Rechtsstreite belasten Investmentbanking

Das Investmentbanking rutschte im vierten Quartal mit einem Minus von 40 Millionen Franken überraschend in die roten Zahlen. Rückstellungen für Rechtsstreitigkeiten im Zusammenhang mit Hypothekenpapieren schlugen hier mit 339 Millionen Franken zu Buche. Ähnlich wie die Konkurrenten Deutsche Bank oder Goldman Sachs bekam Credit Suisse zudem die geringe Handelsaktivität der Kunden im Anleihengeschäft zu spüren.

Auch im Geschäft mit reichen Privatkunden drückten Rückstellungen auf das Ergebnis. Für den US-Steuerstreit stellte die Bank weitere 175 Millionen Franken zurück. Damit sollen allerdings nur Kosten im Zusammenhang mit der US-Börsenaufsicht SEC gedeckt werden. Experten gehen davon aus, dass die Gesamtkosten für eine von der Bank angestrebte Einigung mit den US-Behörden die bisher beiseitegelegten 470 Millionen Franken übertreffen dürften.

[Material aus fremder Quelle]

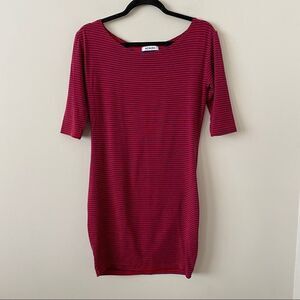 Azalea - Navy/Red Stripe Bodycon Mini Dress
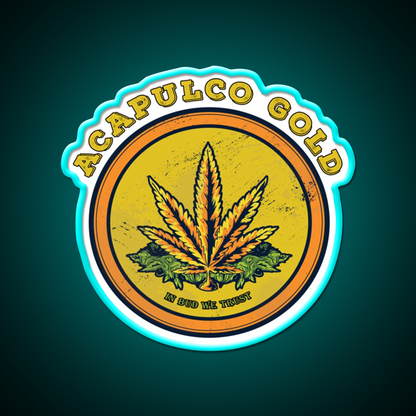 Strains Acapulco Gold Hemp Inspired Green Leaf Led Neon Sign Rgb Color - Size and dimension reference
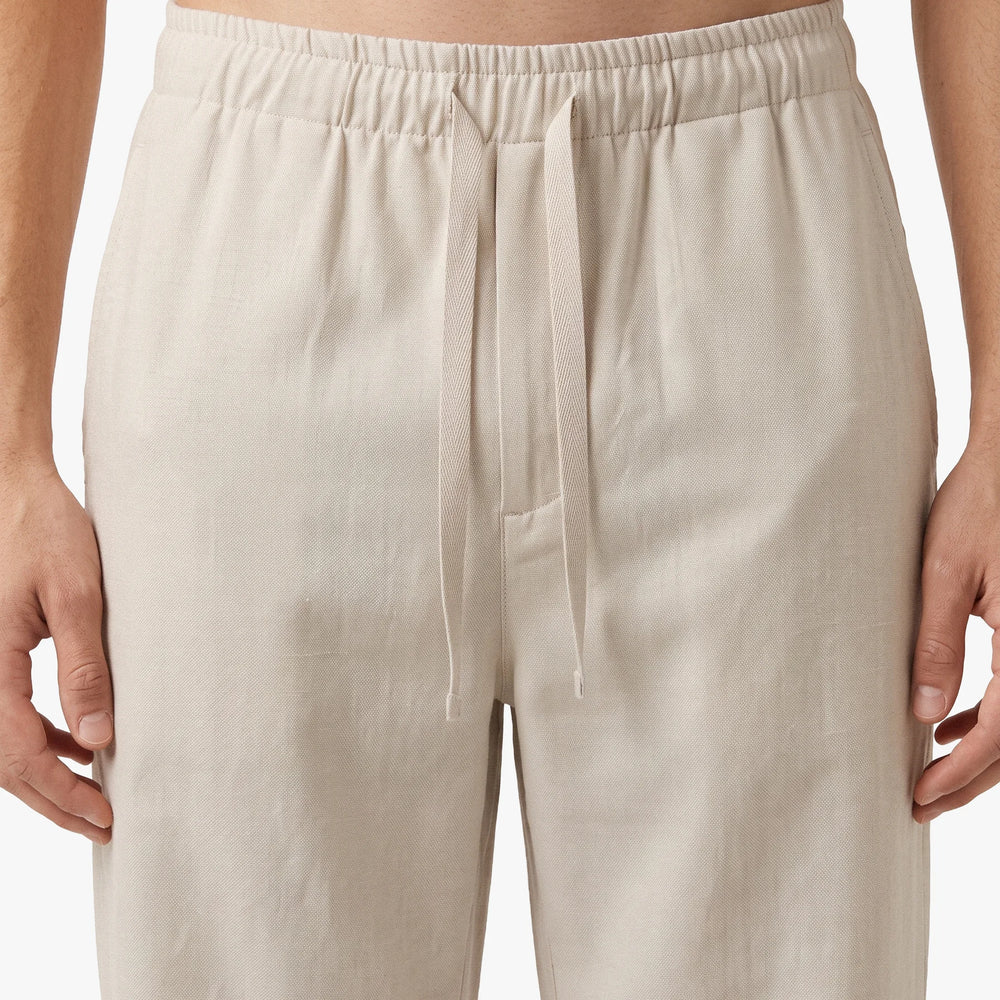 Beige Extra-Long Wide-Leg Trousers
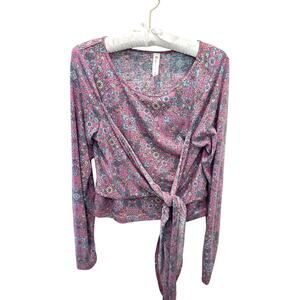 ANTHROPOLOGIE | Daily Practice Pink Floral Long Sleeve Wrap Tie Top | Medium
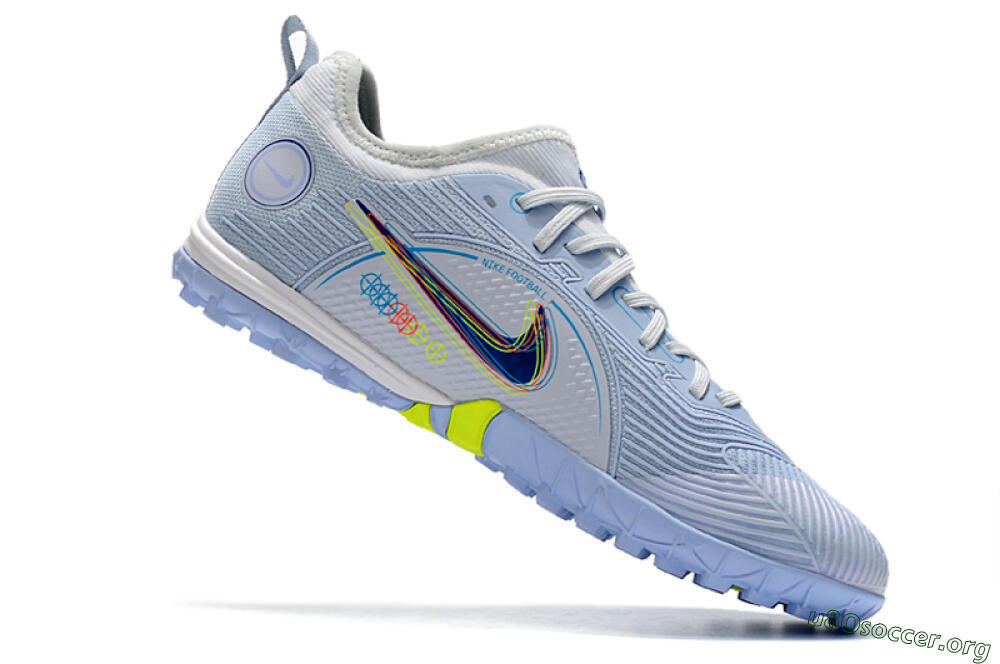 Nike Mercurial Vapor 14 Pro TF Football Shoes - White/Blue/Yellow 4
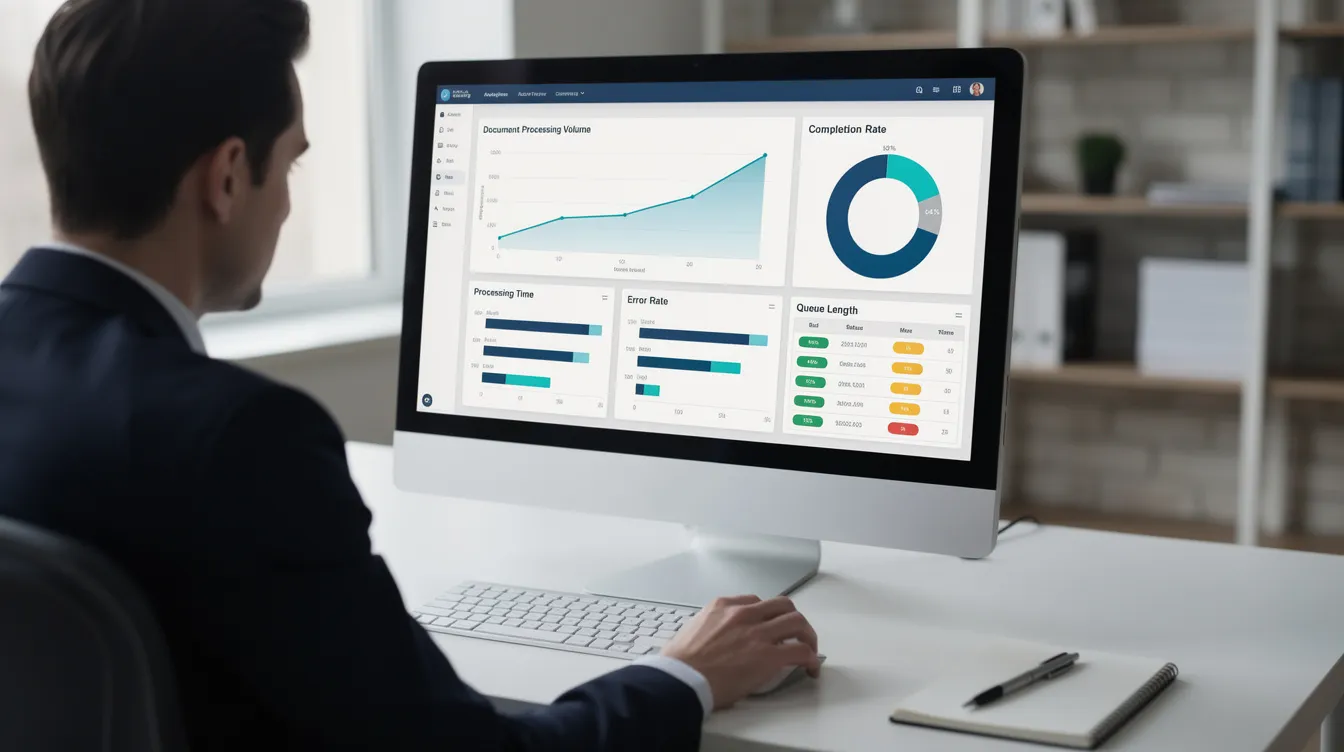 Person reviewing a dashboard with document processing metrics, showcasing intelligent document processing software.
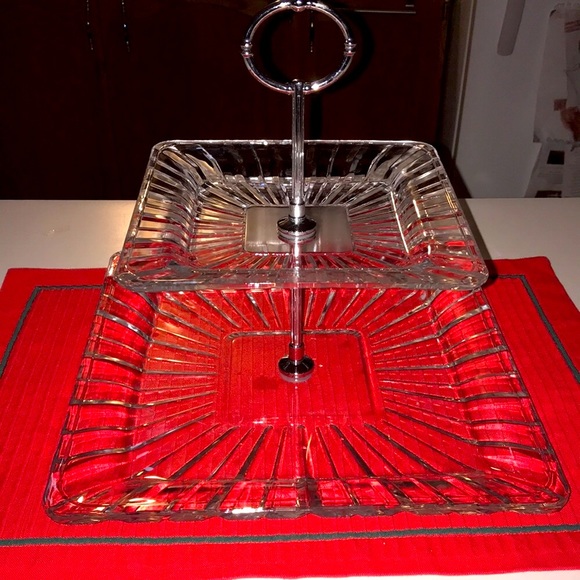 Crystal Glass Tiered Serving Tray - Picture 6 of 7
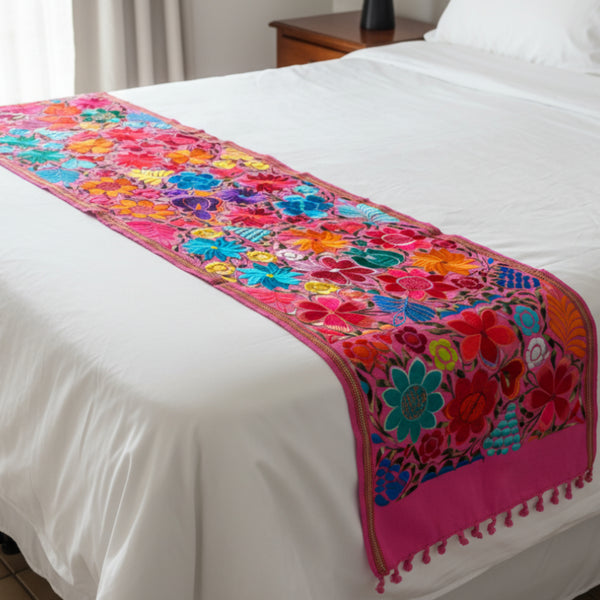 Colorful floral-patterned bed runner oaxaca Mexico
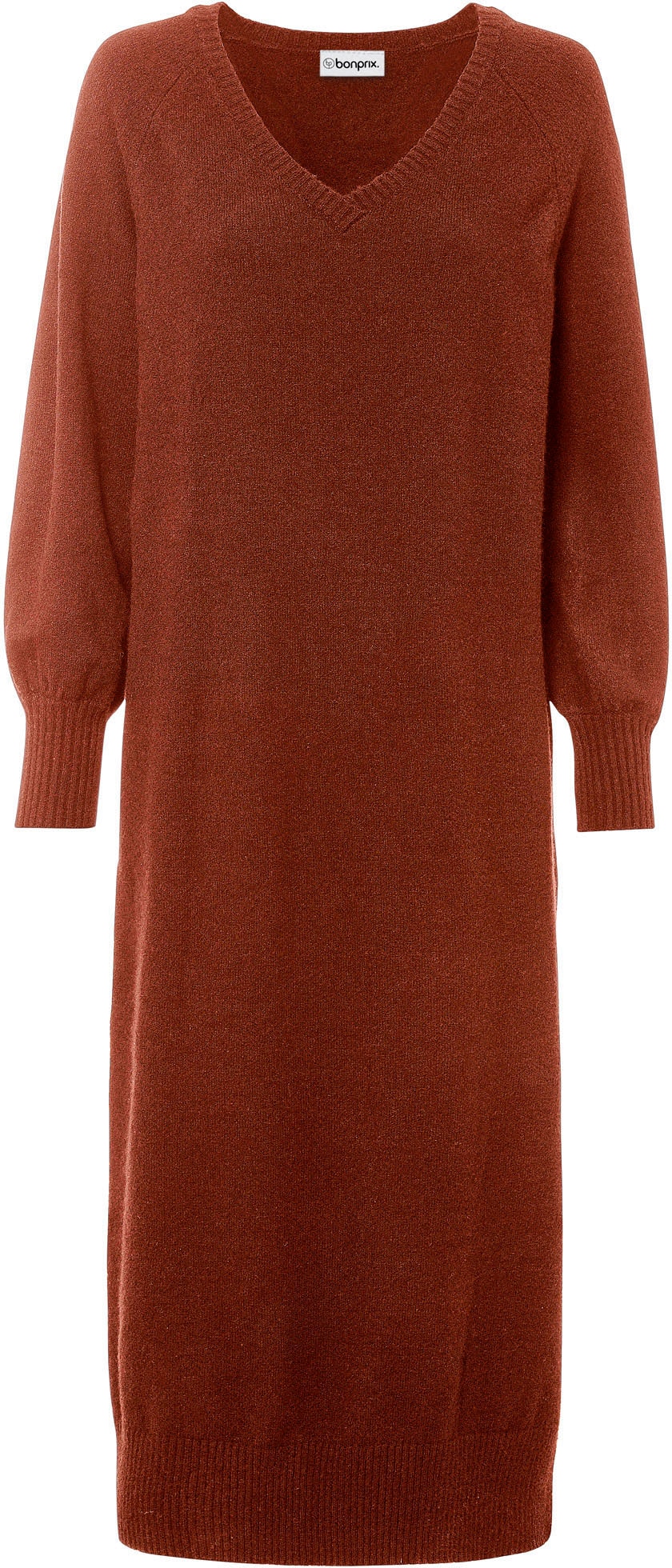 bonprix Strickkleid »Oversized Strickkleid in Midilänge« aus Polyacryl, Polyester und Elasthan, lässig geschnitten, Midilänge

Im vierten Quartal sammelte Credit Suisse 4,4 Milliarden Franken an neuem Geld ein, vor allem dank des neugewonnenen Vertrauens von Superreichen und vermögenden Kunden aus Schwellenländern. Analysten hatten allerdings mit Neugeld von 5,3 Milliarden Franken gerechnet. Kunden aus Europa, die unter dem Druck der Steuerfahnder stehen, zogen weiter Geld ab.